## PROBLEM TO SOLVE
Transcribe, exactly and without pictures, the lines below from the line with "Casa vacanze Hlad" to the line with "Chilli Chicken", both ends included, and no others.

## RECORDS PROVIDED
● ● ● ● ● ● ●
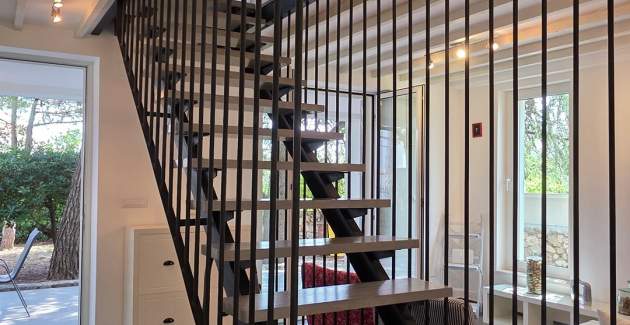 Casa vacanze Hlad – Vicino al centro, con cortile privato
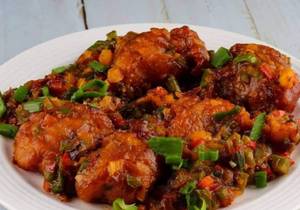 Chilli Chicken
● ● ● ● ● ● ●
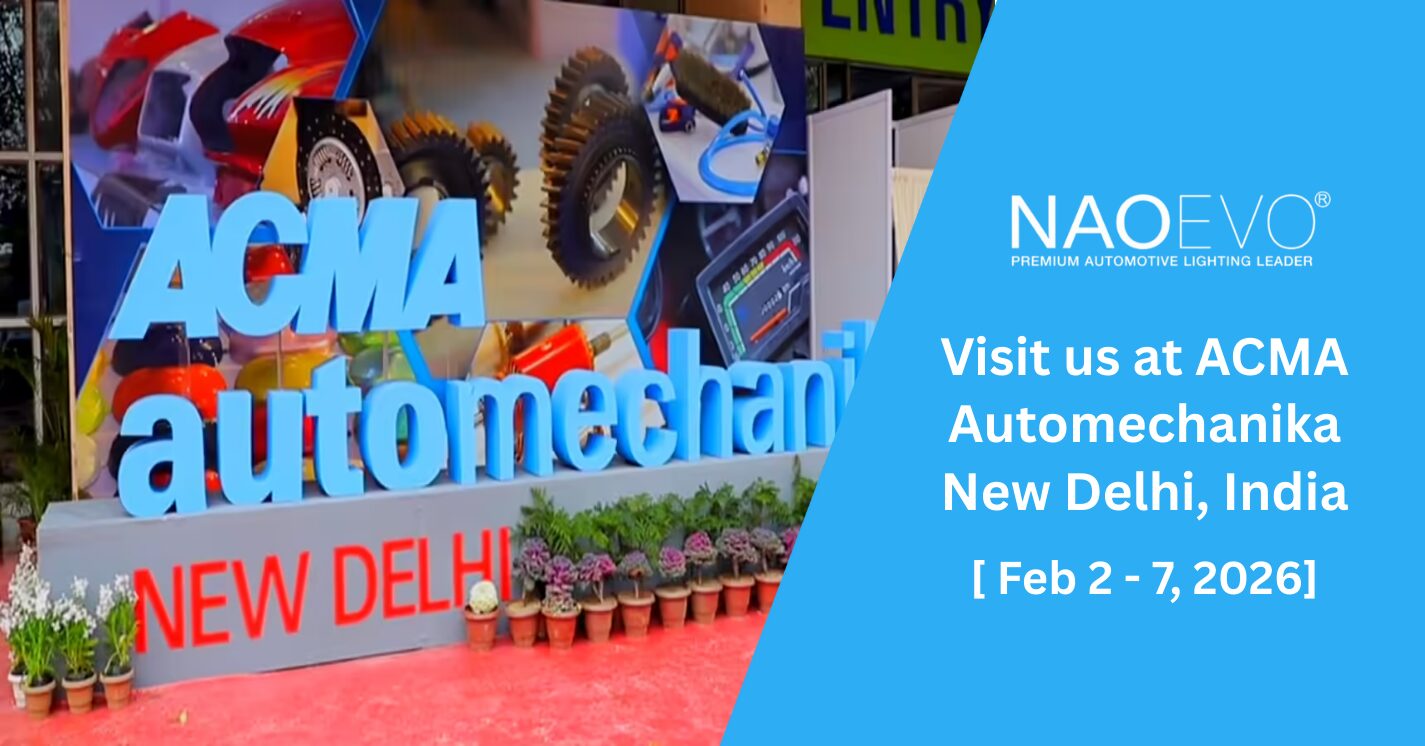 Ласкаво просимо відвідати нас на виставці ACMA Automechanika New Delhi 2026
● ● ● ● ● ● ●
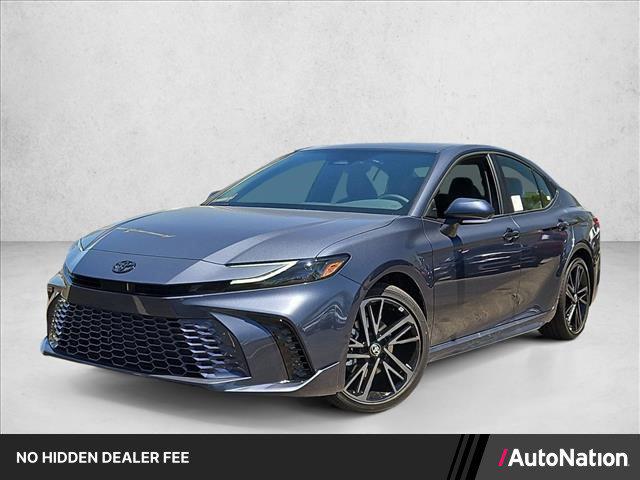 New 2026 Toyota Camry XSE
● ● ● ● ● ● ●
## TASK OUTPUT
 Casa vacanze Hlad – Vicino al centro, con cortile privato
 Chilli Chicken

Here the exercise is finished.